There is a four-pronged criteria based on: Fiscal Independence; Independence of Human Resource Decision-Making; Financial Standards; and Transparency and Governance.

With regard to the fiscal rules, page iv of the prospectus has, potentially, the most important information which potential shareholders and, even more so, taxpayers should be keen on.

“At the close of business on March 31, 2019 the company’s financial indebtedness to banks, financial institutions and other lenders was for an aggregate sum of J$6,371,624,291.59. The company has not issued any guarantees or assumed any contingent liability.”

Wigton Wind Farm is compliant with the fiscal rules as a commercial entity transitioning from the specified public sector to operate outside of the fiscal rules. 3.3 of the Schedule to Regulation 14.1 of the FAA (Fiscal Responsibility Framework) Regulations requires that the Government has no outstanding financial guarantees in respect of the public body.

Part of the rationale for these provisions in the fiscal rules was to remove the burden of guarantees brought on by public enterprises. The thinking is that companies should be going concerns (or profitable) if they are to become commercial entities, consistent with the law. The choke hold on the public purse (whether real – guarantees) or probable (contingent liabilities) had to be permanently arrested. For Wigton Windfarm to be put forward for commercialisation/ privatisation, it had to have met all four criteria. The test of financial standards requires that at least one of the following provisions apply in respect of the public body:

* the average long-term debt to equity ratio of the public body (on a stand-alone basis or, if applicable, on a consolidated basis) over the three preceding financial years is no more than 2.5, where long-term debt means debt that is due over a period that is longer than one year;

OR

* the positive working capital and current ratio of the public body (on a stand-alone basis or, if applicable, on a consolidated basis) is at least 1.2, where current ratio means current assets divided by current liabilities.

Summary of Key Financial Indicators

It is worth noting that the FAA (FRF) Regulations is a stringent set of standards, especially with regard to Financial Standards. Note as well that the Regulations allow for these key financial indicators to be calculated either on a stand-alone or consolidated basis.

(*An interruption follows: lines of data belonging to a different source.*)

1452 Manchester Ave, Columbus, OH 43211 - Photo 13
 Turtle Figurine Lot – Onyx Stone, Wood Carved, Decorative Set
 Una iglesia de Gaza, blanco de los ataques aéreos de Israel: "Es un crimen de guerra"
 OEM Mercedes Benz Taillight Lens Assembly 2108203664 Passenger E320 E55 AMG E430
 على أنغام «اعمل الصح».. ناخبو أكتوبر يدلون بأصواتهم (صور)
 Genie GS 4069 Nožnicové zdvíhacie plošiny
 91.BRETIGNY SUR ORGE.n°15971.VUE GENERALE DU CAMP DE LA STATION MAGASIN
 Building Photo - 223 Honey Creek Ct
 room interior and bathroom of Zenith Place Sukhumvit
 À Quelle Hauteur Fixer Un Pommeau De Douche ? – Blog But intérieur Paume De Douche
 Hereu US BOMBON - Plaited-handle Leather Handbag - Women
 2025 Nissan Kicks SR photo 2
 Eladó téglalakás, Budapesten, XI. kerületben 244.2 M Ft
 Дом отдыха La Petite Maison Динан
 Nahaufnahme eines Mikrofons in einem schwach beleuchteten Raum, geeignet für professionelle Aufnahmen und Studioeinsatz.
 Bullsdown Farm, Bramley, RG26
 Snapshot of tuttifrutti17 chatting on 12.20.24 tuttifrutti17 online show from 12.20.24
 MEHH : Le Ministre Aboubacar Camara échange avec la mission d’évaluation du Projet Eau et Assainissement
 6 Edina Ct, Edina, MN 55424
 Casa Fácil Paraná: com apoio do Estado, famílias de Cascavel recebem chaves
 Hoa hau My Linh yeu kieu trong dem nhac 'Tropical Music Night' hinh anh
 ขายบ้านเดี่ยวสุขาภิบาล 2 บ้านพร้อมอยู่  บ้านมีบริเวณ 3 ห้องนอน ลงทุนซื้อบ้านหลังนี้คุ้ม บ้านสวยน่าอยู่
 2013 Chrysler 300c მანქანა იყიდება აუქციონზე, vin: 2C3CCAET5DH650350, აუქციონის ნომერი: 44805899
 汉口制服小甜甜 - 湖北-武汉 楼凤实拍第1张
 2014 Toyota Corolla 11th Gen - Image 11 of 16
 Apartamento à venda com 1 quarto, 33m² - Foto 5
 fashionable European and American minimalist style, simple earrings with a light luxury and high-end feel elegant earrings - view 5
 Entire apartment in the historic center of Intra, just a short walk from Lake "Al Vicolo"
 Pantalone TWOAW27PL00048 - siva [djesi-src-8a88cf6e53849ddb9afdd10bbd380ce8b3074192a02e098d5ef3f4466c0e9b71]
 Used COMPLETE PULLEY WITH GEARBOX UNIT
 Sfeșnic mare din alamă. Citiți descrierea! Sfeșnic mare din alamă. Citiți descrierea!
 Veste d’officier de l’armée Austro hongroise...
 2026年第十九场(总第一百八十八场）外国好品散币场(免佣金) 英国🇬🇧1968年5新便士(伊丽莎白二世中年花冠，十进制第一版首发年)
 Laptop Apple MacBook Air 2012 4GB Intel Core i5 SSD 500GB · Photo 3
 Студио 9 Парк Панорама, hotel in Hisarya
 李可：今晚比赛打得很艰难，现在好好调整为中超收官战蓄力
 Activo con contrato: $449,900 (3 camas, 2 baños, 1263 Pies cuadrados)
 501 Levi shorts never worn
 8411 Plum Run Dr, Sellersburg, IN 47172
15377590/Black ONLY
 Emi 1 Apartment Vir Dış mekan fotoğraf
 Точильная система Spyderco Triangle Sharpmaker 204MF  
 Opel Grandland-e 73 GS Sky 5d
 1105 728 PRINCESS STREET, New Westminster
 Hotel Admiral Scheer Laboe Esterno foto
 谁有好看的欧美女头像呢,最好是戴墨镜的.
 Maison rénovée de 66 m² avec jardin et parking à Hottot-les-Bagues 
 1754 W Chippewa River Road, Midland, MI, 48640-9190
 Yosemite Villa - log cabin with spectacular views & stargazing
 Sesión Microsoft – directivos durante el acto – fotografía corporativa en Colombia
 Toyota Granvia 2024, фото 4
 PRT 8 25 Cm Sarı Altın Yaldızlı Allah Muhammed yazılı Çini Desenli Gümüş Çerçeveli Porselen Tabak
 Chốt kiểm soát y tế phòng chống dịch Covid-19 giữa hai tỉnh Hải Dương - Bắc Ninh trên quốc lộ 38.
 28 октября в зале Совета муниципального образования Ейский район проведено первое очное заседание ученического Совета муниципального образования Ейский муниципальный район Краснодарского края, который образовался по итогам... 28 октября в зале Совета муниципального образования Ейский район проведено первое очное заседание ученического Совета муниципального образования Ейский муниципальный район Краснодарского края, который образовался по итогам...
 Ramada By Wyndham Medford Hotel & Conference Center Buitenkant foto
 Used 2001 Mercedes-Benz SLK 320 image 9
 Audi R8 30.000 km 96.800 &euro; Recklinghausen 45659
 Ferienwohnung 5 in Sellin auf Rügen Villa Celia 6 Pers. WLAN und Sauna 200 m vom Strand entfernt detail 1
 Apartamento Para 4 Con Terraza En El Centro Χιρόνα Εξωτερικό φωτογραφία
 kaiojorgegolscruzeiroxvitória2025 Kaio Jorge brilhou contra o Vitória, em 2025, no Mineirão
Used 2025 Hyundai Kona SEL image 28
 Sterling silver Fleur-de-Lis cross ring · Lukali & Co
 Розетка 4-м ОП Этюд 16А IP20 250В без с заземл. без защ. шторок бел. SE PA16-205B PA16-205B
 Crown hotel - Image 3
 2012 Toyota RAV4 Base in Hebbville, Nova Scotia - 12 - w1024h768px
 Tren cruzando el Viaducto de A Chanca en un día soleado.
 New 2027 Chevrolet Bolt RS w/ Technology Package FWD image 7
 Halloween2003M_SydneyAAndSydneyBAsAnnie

The Audited Statement of Comprehensive Income shows that WWF Limited has had a positive average annual net profit after tax of $438.2 million over the last three years (page 9). The Schedule to Regulation 14(1) of the FAA (FRF) Regulations requires that “the public body has, on average over the three preceding financial years, recorded a positive net profit after tax, on a stand-alone basis or, if applicable on a consolidated basis”. WWF Limited achieves the positive average annual net profit after tax criteria on a stand-alone basis, without reference to its parent company PCJ (consolidated basis).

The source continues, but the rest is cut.